◆ **Problem to solve**
Starting with the line that contains "Specjal Hobby 32048", copy each line exactly through the end of the listing, and omit all pictures.

◆ **Records for the exercise**
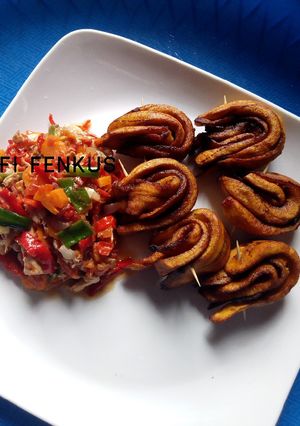 A picture of Fried plantain and sauce.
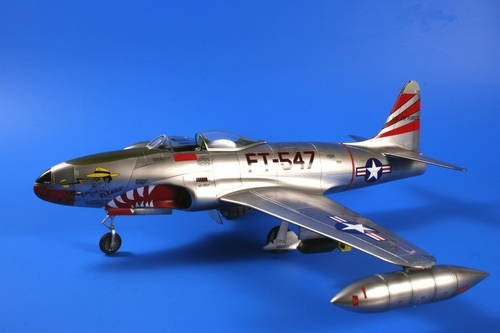 Specjal Hobby 32048 F-80C Étoile filante sur la Corée (1/32)  – image 10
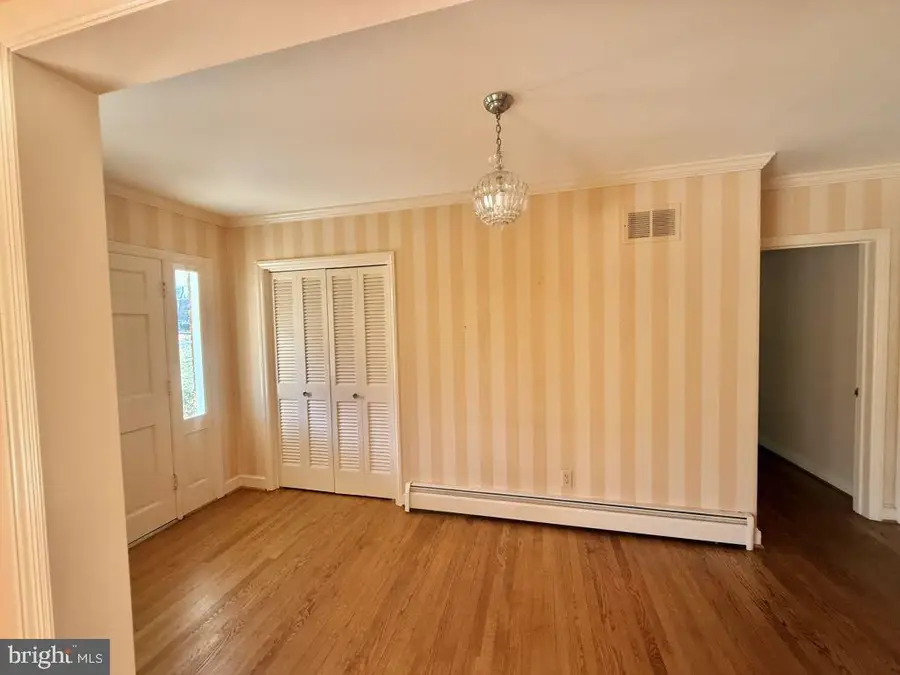 1362 Woodside Dr, McLean, VA 22102 - #2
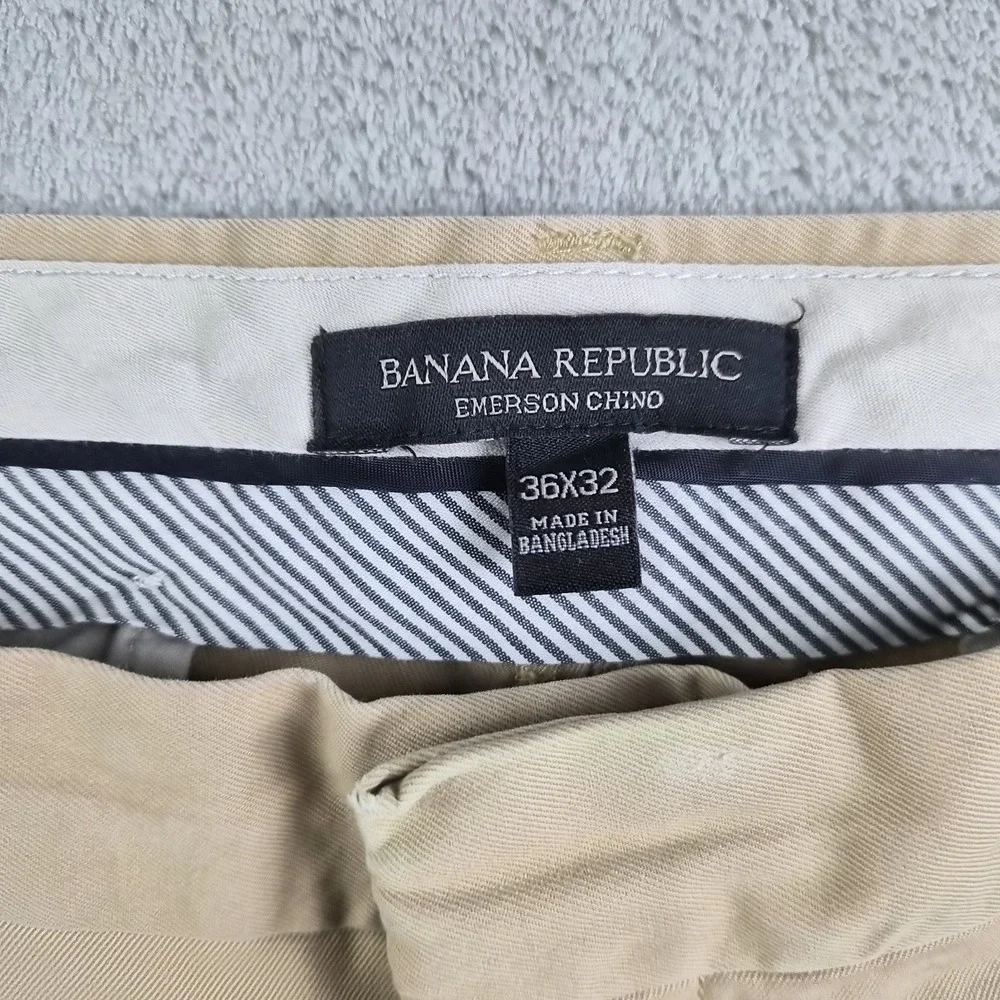 Banana Republic Emerson Pants Mens 38x32 Khaki Flat Front Straight Chino Preppy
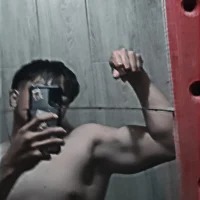 bluched's Profile Pic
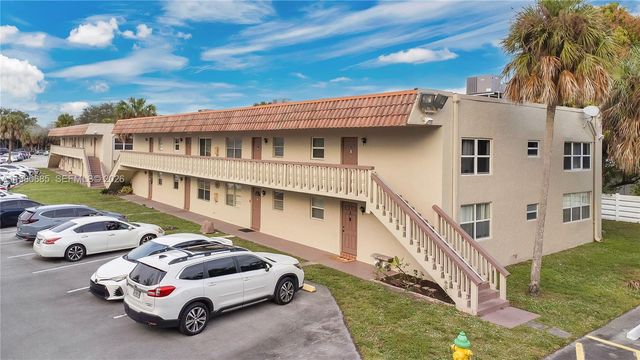 3777 NW 78th Avenue 15G, Davie, FL 33024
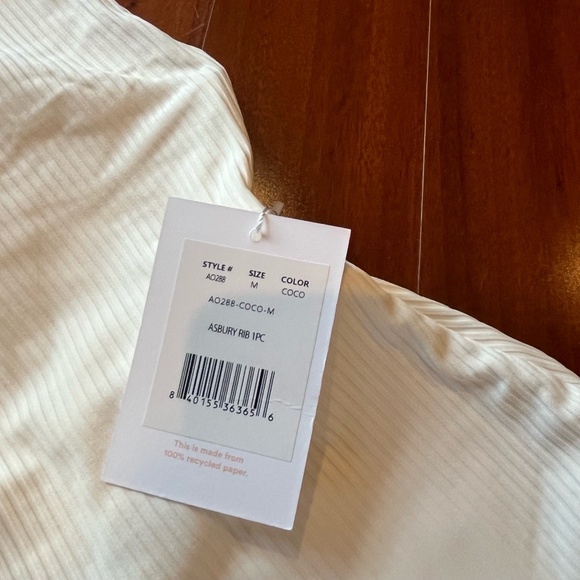 New NWT Andie The Asbury Swimsuit Coco Cream Off White Rib One-Piece Swim Medium - Picture 3 of 5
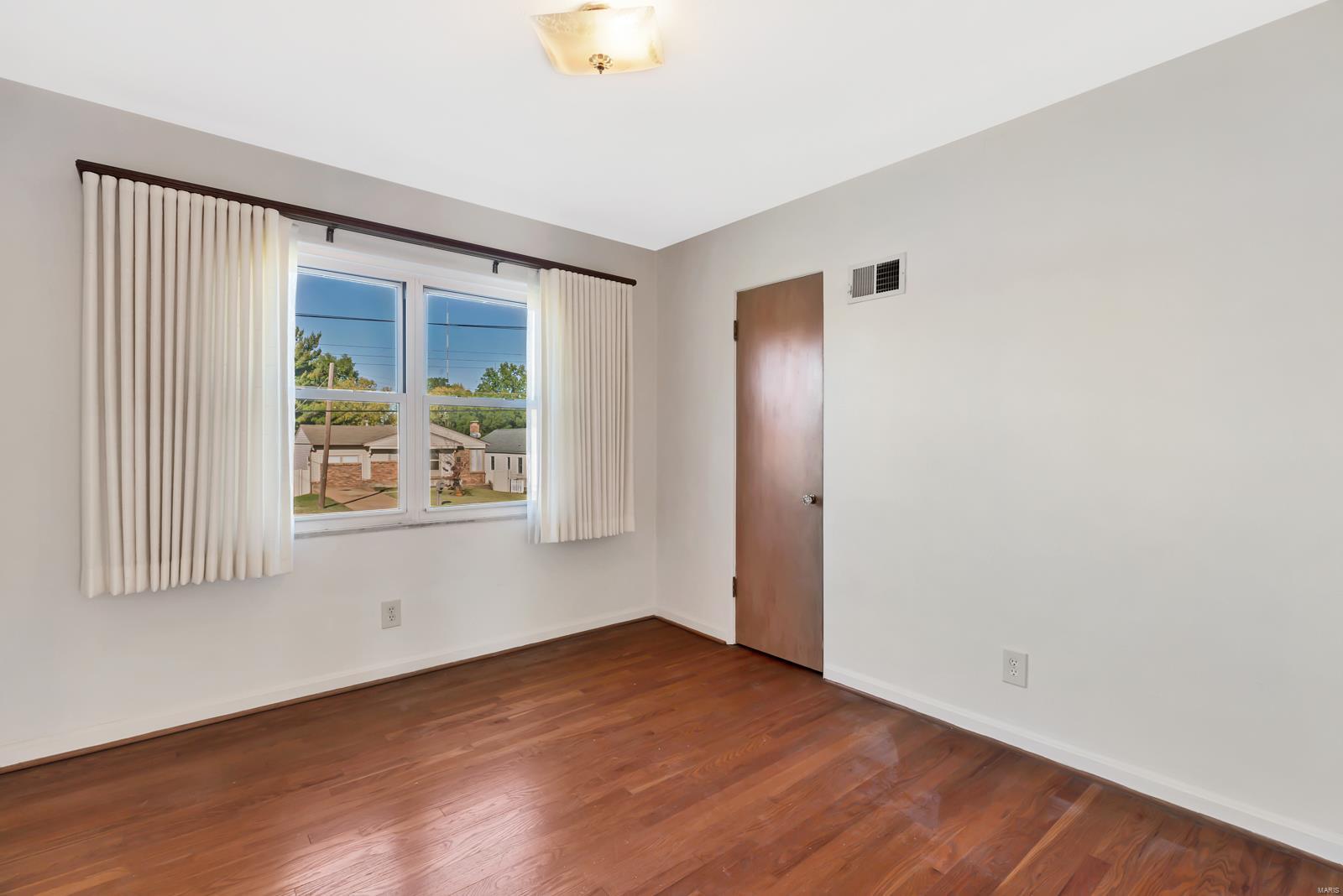 7112 Weber Road St. Louis, MO 63123 - Photo 21 of 28 Gallery Image 21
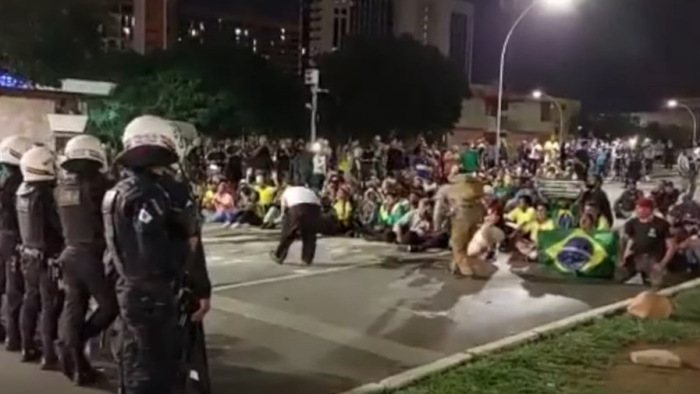 Brazíliaváros rendőrfőkapitányságát támadták meg Bolsonaro támogatói - videó
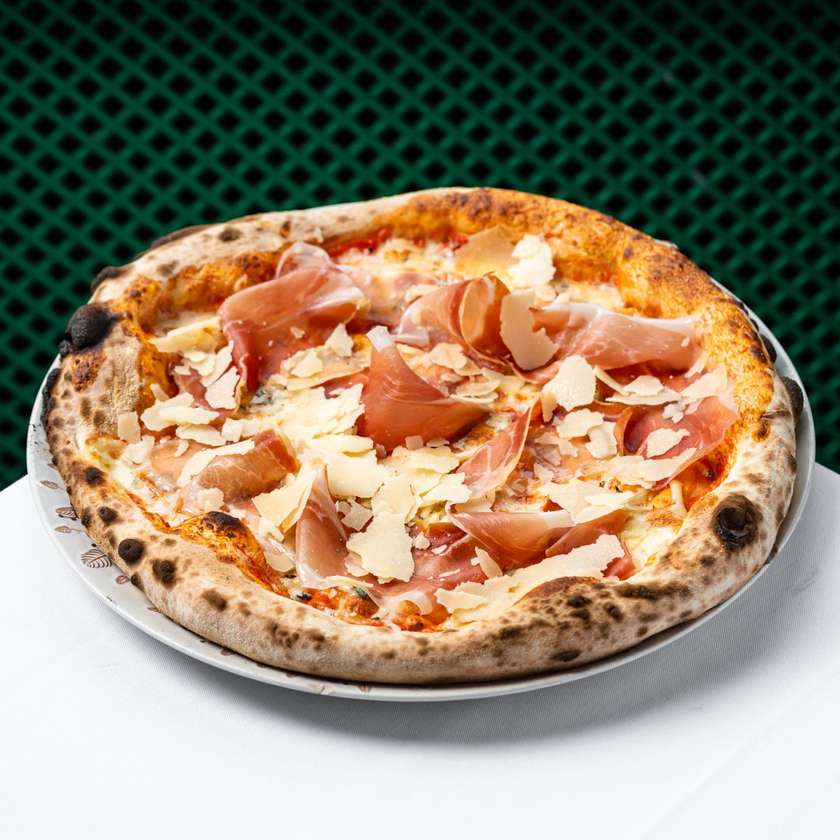 Pizza con prosciutto e formaggio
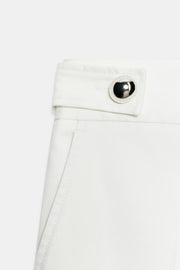 Pantalon à boutons métalliques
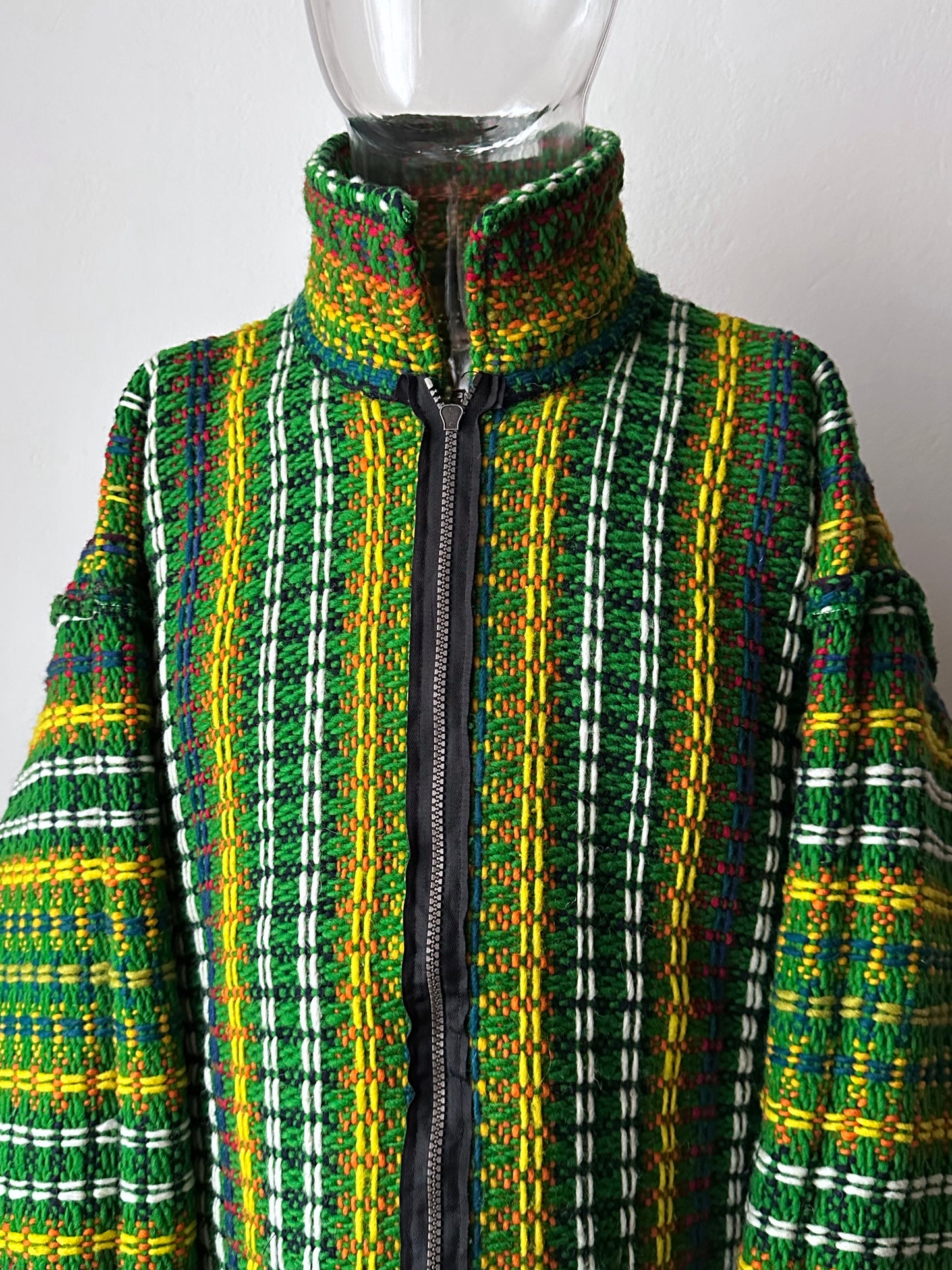 Handmade wool zip-up knit jacket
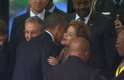 10 de dezembro - O presidente americano Barack Obama beija Dilma Rousseff durante a cerimônia
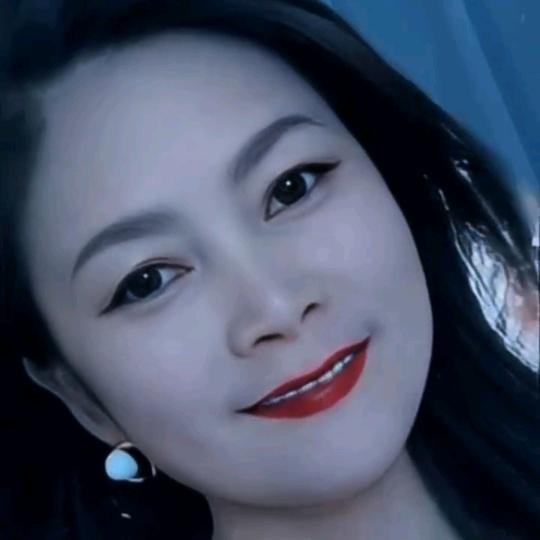 周珊i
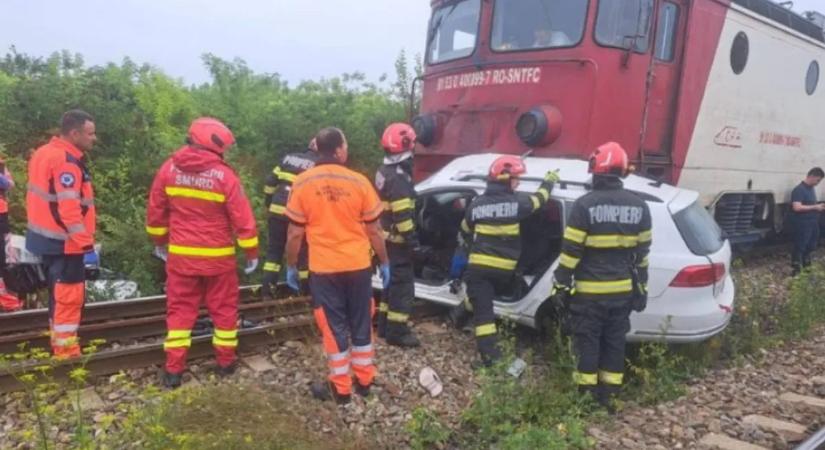 Két férfi meghalt egy vonatbalesetben, a mozdony 150 méteren át tolta az autót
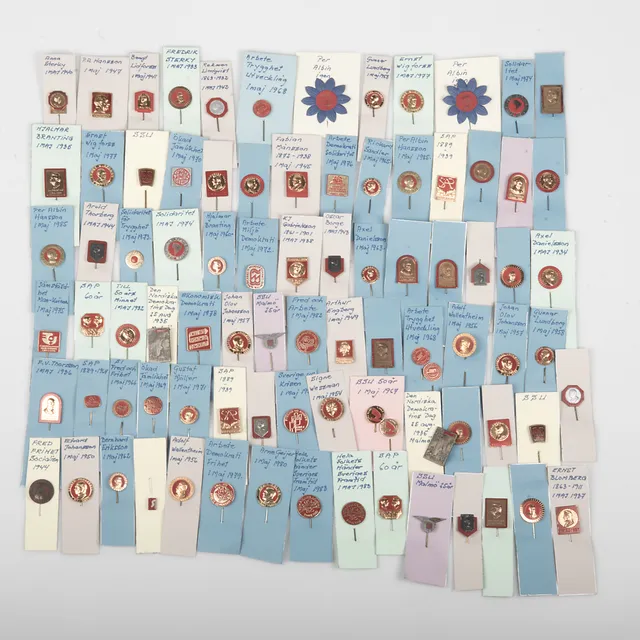 PINS, 84 stycken, första maj-märken.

◆ **Solution for this problem**
 Specjal Hobby 32048 F-80C Étoile filante sur la Corée (1/32)  – image 10
 1362 Woodside Dr, McLean, VA 22102 - #2
 Banana Republic Emerson Pants Mens 38x32 Khaki Flat Front Straight Chino Preppy
 bluched's Profile Pic
 3777 NW 78th Avenue 15G, Davie, FL 33024
 New NWT Andie The Asbury Swimsuit Coco Cream Off White Rib One-Piece Swim Medium - Picture 3 of 5
 7112 Weber Road St. Louis, MO 63123 - Photo 21 of 28 Gallery Image 21
 Brazíliaváros rendőrfőkapitányságát támadták meg Bolsonaro támogatói - videó
 Pizza con prosciutto e formaggio
 Pantalon à boutons métalliques
 Handmade wool zip-up knit jacket
 10 de dezembro - O presidente americano Barack Obama beija Dilma Rousseff durante a cerimônia
 周珊i
 Két férfi meghalt egy vonatbalesetben, a mozdony 150 méteren át tolta az autót
 PINS, 84 stycken, första maj-märken.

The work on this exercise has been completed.